Note
This is a community plugin, an external project maintained by its respective author. Community plugins are not part of FiftyOne core and may change independently. Please review each plugin’s documentation and license before use.
Nemotron Nano VL - FiftyOne Remote Source Zoo Model#
NVIDIA’s Llama-3.1-Nemotron-Nano-VL-8B-V1 integrated as a Remote Source Zoo Model for FiftyOne, enabling seamless computer vision tasks including object detection, OCR, classification, and visual question answering.

Installation#
pip install fiftyone transformers accelerate timm einops open-clip-torch torch
Quick Start#
Model Registration & Loading#
import fiftyone as fo
import fiftyone.zoo as foz
# Register the model source
foz.register_zoo_model_source(
"https://github.com/harpreetsahota204/Nemotron_Nano_VL",
overwrite=True
)
# Load the model
model = foz.load_zoo_model(
"nvidia/Llama-3.1-Nemotron-Nano-VL-8B-V1",
# install_requirements=True # you can pass this if you're not sure if you have all the requirements installed
)
Basic Usage#
# Load a dataset
dataset = foz.load_zoo_dataset("quickstart")
# Visual Question Answering
model.operation = "vqa"
model.prompt = "Describe this image"
dataset.apply_model(model, label_field="descriptions")
# Object Detection
model.operation = "detect"
model.prompt = "Find all people and objects"
dataset.apply_model(model, label_field="detections")
# OCR
model.operation = "ocr"
model.prompt = "Extract all text from this image"
dataset.apply_model(model, label_field="text_detections")
# Classification
model.operation = "classify"
model.prompt = "Classify this image: indoor, outdoor, people, animals"

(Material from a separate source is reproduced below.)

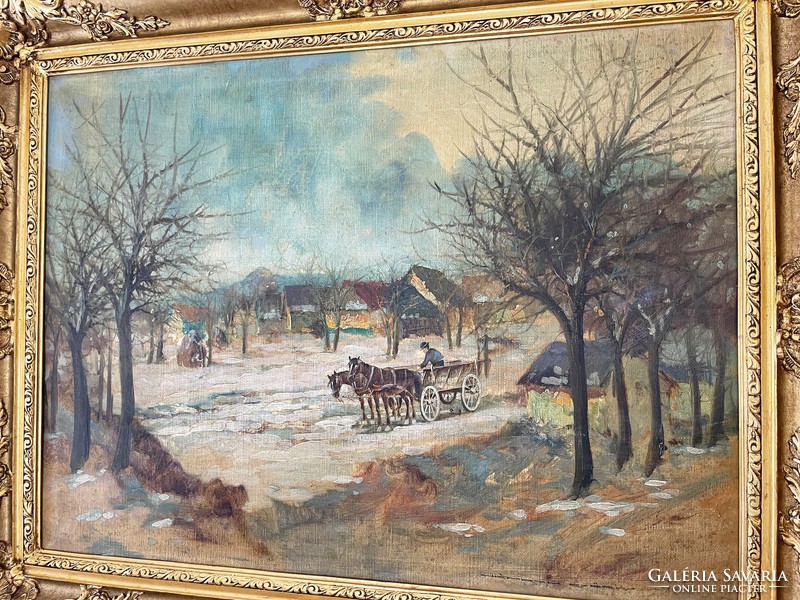 György Németh / winter street with horse-drawn carriage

dataset.apply_model(model, label_field="classifications")
Operations#
1. Visual Question Answering (VQA)#
Generate natural language descriptions and answer questions about images.
model.operation = "vqa"
model.prompt = "What is the main subject of this image?"
dataset.apply_model(model, label_field="vqa_results")

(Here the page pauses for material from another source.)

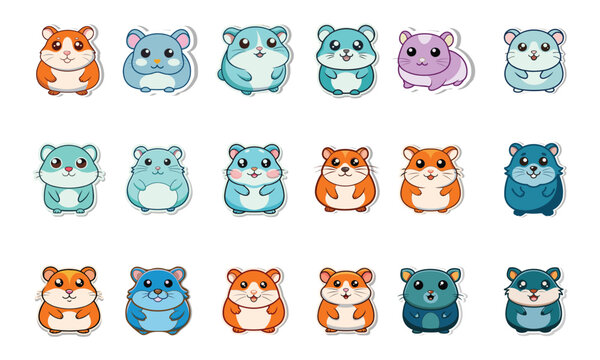 Sticker for funny cartoon hamster character, Colorful cartoon sticker set, Line vector illustration, Isolated on isolated background.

Output: Natural language text response
2. Object Detection#
Detect and localize objects, people, UI elements with bounding boxes.
model.operation = "detect"
model.prompt = "Find all cars and pedestrians"
dataset.apply_model(model, label_field="detections")
Output: fiftyone.Detections
with normalized bounding boxes
3. Optical Character Recognition (OCR)#
Extract and localize text from images, documents, and user interfaces.
model.operation = "ocr"
model.prompt = "Extract all text from this document"
dataset.apply_model(model, label_field="ocr_results")
Output: fiftyone.Detections
with text content and bounding boxes
4. Image Classification#
Classify images into multiple categories.
model.operation = "classify"
model.prompt = "Classify: indoor/outdoor, day/night, urban/rural"
dataset.apply_model(model, label_field="classifications")
Output: fiftyone.Classifications
with multiple labels
Advanced Workflows#
Context-Aware Processing#
Use VQA results to guide subsequent operations:
# Generate detailed descriptions
model.operation = "vqa"
model.prompt = "Describe this image in detail"
dataset.apply_model(model, label_field="vqa_results")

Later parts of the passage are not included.